[Aim of the task] From the line containing "La règle de" down to the final line of the entries below, return each line exactly and drop the pictures.

Web page caption snippets
=======
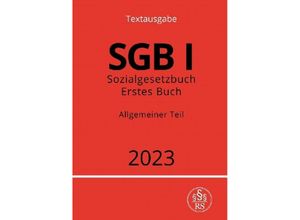 9783757528652 - Sozialgesetzbuch - Erstes Buch - SGB I - Allgemeiner Teil - Ronny Studier Kartoniert (TB)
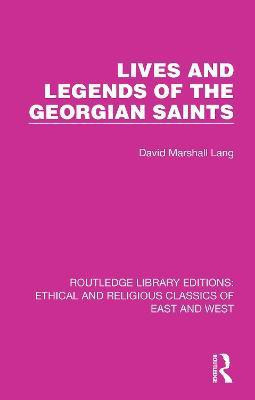 Lives and Legends of the Georgian Saints(English, Hardcover, Lang David Marshall)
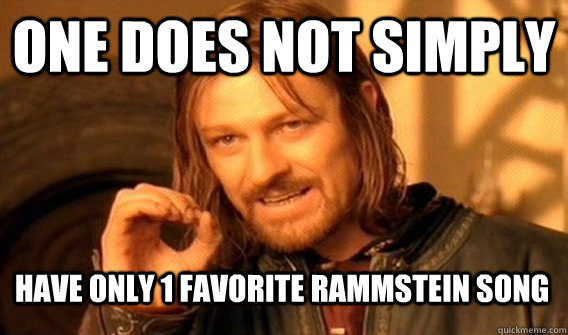 ONE DOES NOT SIMPLY HAVE ONLY 1 FAVORITE RAMMSTEIN SONG  One Does Not Simply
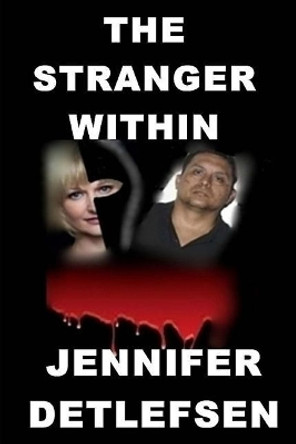 The Stranger Within by Jennifer Detlefsen 9780987605627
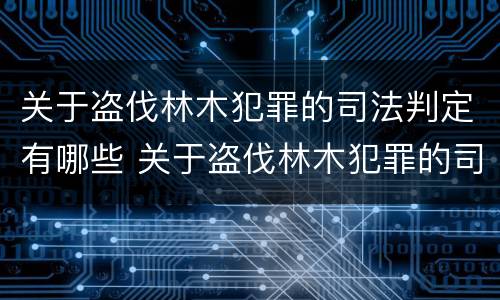 关于盗伐林木犯罪的司法判定有哪些 关于盗伐林木犯罪的司法判定有哪些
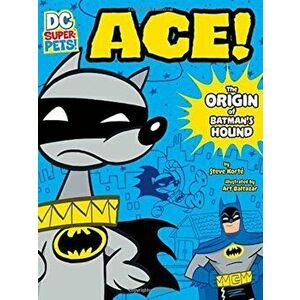 Ace: The Origin of Batman's Dog, Hardcover - Steve Korte imagine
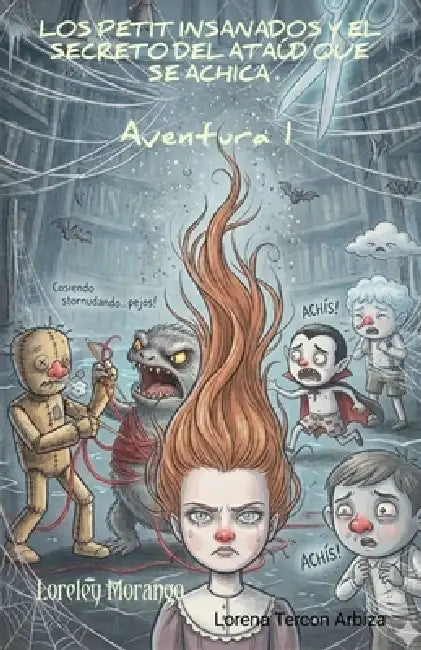 Los Petit Insanados y el Secreto del Ataúd que se Achica - Aventura 1 by Lorena Tercon Arbiza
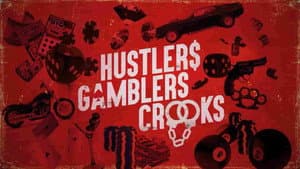 Hustlers Gamblers Crooks — foto 3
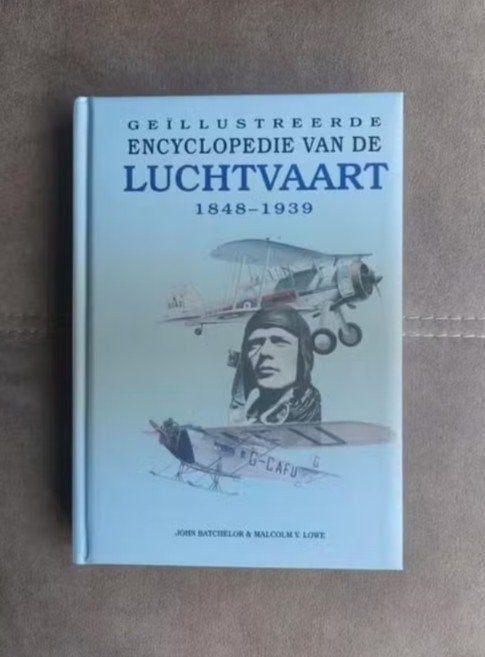 Geïllustreerde encyclopedie van de Luchtvaart 1848 - 1939, Ophalen of Verzenden, Zo goed als nieuw, Boek of Tijdschrift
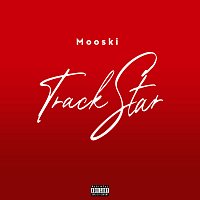 Mooski – Track Star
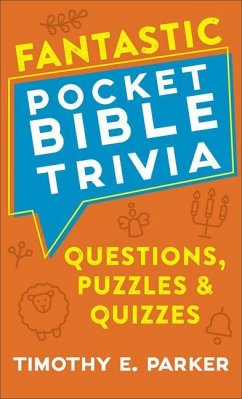 Fantastic Pocket Bible Trivia - Parker, Timothy E.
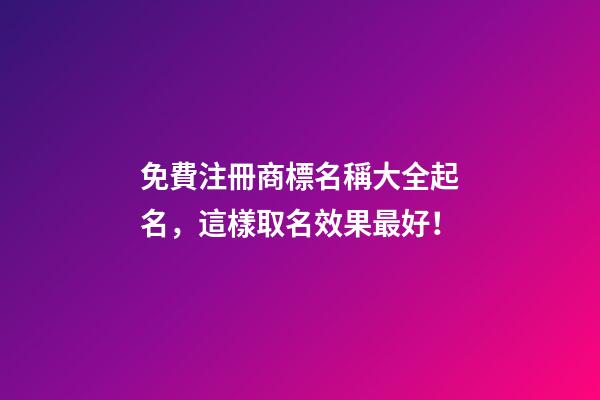 免費注冊商標名稱大全起名，這樣取名效果最好！-第1張-商標起名-玄機派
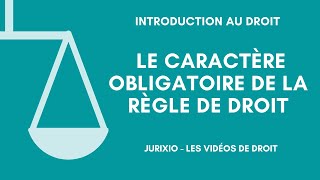 La règle de droit 2  Le caractère obligatoire [upl. by Oniratac137]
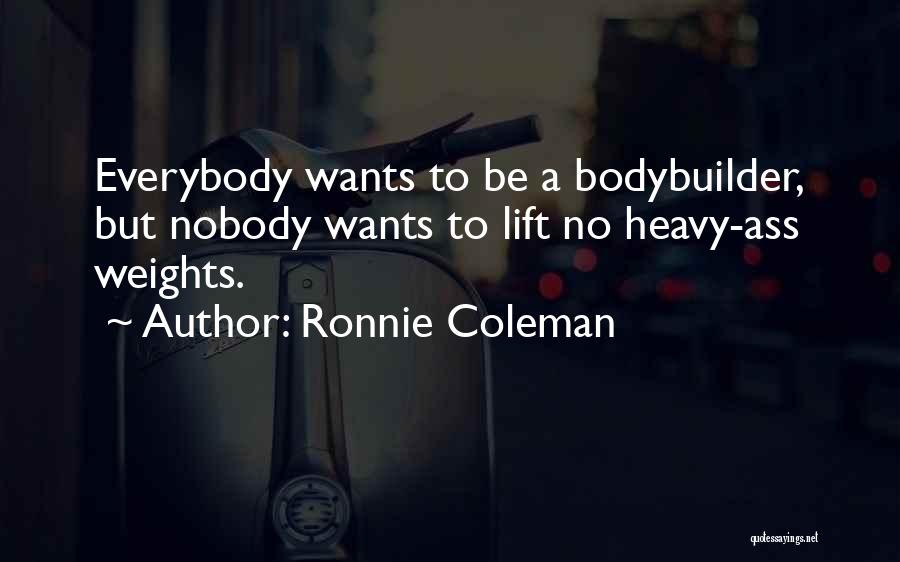 Ronnie Coleman Quotes: Everybody Wants To Be A Bodybuilder, But Nobody Wants To Lift No Heavy-ass Weights.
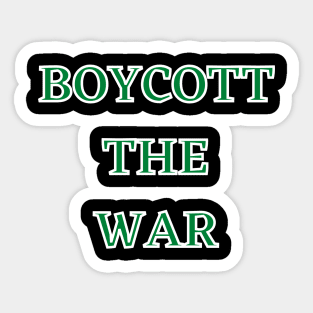 BOYCOTT THE WAR PEACE EVERY WHERE Sticker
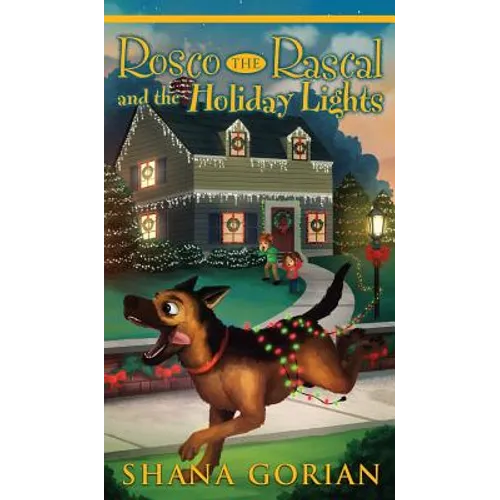 Rosco the Rascal and the Holiday Lights - Hardcover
=======
[Result of the task]
 La règle de droit 2  Le caractère obligatoire [upl. by Oniratac137]
 Ronnie Coleman Quotes: Everybody Wants To Be A Bodybuilder, But Nobody Wants To Lift No Heavy-ass Weights.
 BOYCOTT THE WAR PEACE EVERY WHERE Sticker
 Rosco the Rascal and the Holiday Lights - Hardcover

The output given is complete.